Writer and director Wes Anderson rebounds from the back-to-back commercial disappointments of The Life Aquatic and The Darjeeling Ltd with his first animated film, Fantastic Mr Fox, made in the directors signature fastidious manner using old-fashioned stop-motion techniques. Roald Dahl's 1970 children’s book about a family of wily foxes and their woodland friends eluding the predatory attentions of the local humans has been transformed by Anderson, co-writer Noah Baumbach and a team of dedicated animators into an idiosyncratic, charmingly hand-crafted tale of family dysfunction and middle-class tedium.

The second talking-fox movie this year, following Lars von Trier's Antichrist, Fantastic Mr Fox opens at the same pace it maintains throughout, breakneck. Fox (voiced by George Clooney) and his beloved vixen wife (Meryl Streep) are out hunting chickens when they are caught in a trap. She chooses the opportunity to tell Fox she is expecting their first cub, and makes him promise to give up his dangerous, chicken-stealing ways and settle down. Twelve “fox-years” later, their son Ash (Jason Schwartzman) is a weedy, self-conscious teenager, further embarrassed by the arrival into the den of a talented, athletic cousin Kristofferson (Eric Anderson, the director’s brother).

In deference to his wife’s more refined tastes (she’s wears an apron and dabbles in landscape painting) Fox has foresworn his hunting instincts and taken a job as a newspaper columnist.

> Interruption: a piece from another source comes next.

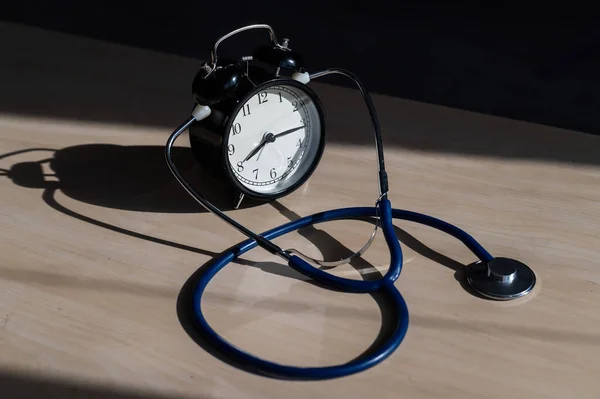 Relógio de alarme mecânico preto velho clássico com estetoscópio em uma mesa de madeira. Está na hora de verificar o coração. Relógio de mesa e um dispositivo para medir a pressão arterial . — Fotografia de Stock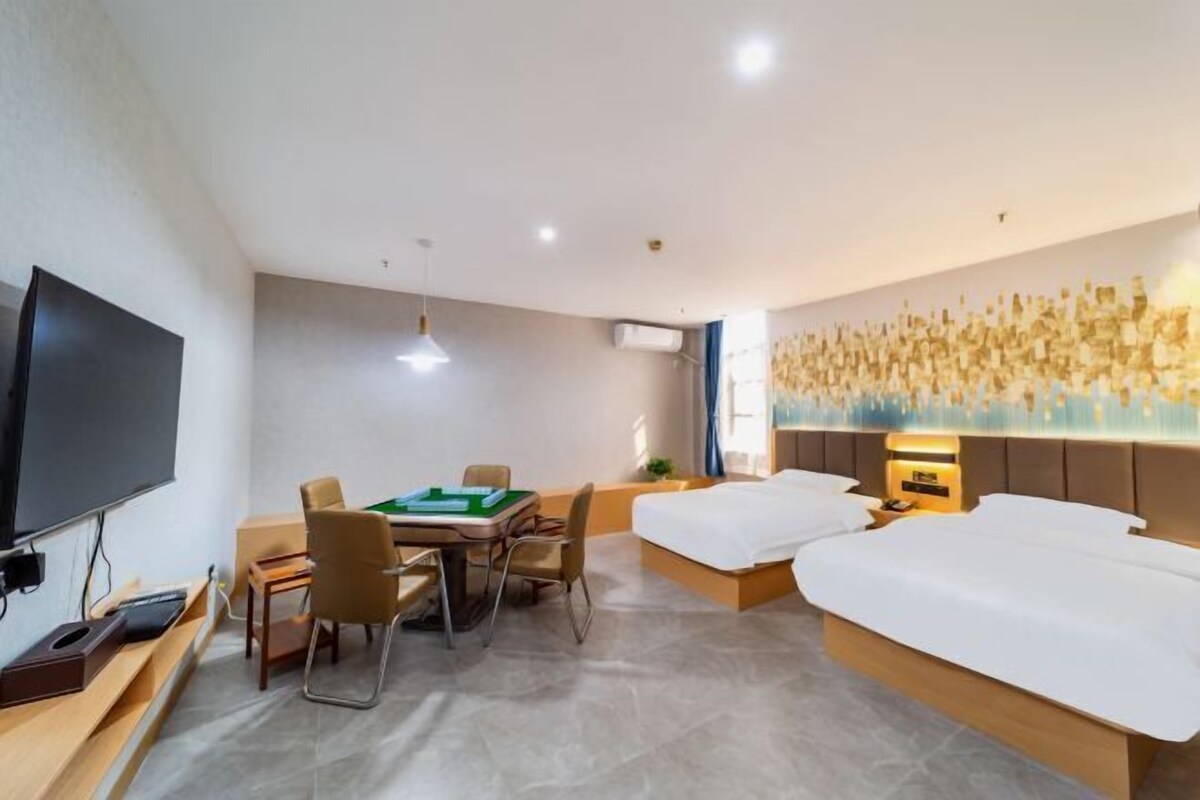 A hotel room with a bed, a desk with a computer, a television, and a wall with a decorative light feature.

But Fox’s instinctive appetite for pullet-poaching has returned. With the help of a dim-witted opossum (Wally Wolodarsky), Fox plans his “one last big job”, robbing the three nasty farmers, Boggis and Bunce and Bean (Michael Gambon), “one fat, one short, one lean”, who live on the opposite hill. Tired of the impudent fox raiding their supplies, the farmers resort to increasingly desperate measures to capture and kill him, eventually putting all of the woodland creatures (including Bill Murray’s Badger and Willem Dafoe’s Rat) in danger.

This being a Wes Anderson film, much of the joy comes from tuning into the director’s unique visual sensibility. Unlike the seamless, polished image-making of the computerised animations, Fantastic Mr Fox pursues a roughly-hewn aesthetic that gives enormous energy and wit to proceedings; as stylized and inventive as anything Anderson has done previously. The stitch-perfect costuming, brilliantly textured character design and gloriously autumnal backgrounds aside, there are a plenty of highlights: Mr Fox and his chums burrow through geologically precise soil strata, our woodland chums hide from the humans in a vast cider-bottle warehouse, they stage their climactic shootout in a gorgeous facsimile of an Olde Worlde British village, complete with sushi bar and courier service.

It might be a cartoon, but Mr Fox is still a Wes Anderson film, through and through with the same attention to detail, eclectic soundtrack, airily witty dialogue and chaptered storytelling that have delighted his fan base in the past. They should be delighted again, even if younger audience members might find much of the precious chatter about existentialism, crème brulees and yogic meditation unfathomable. Incidentally when I met Anderson during the publicity tour for The Life Aquatic, he was wearing the same copper-coloured corduroy lounge suit that Foxy sports in the movie. If you share the director’s taste for fine retro tailoring, you might just like Fantastic Mr Fox.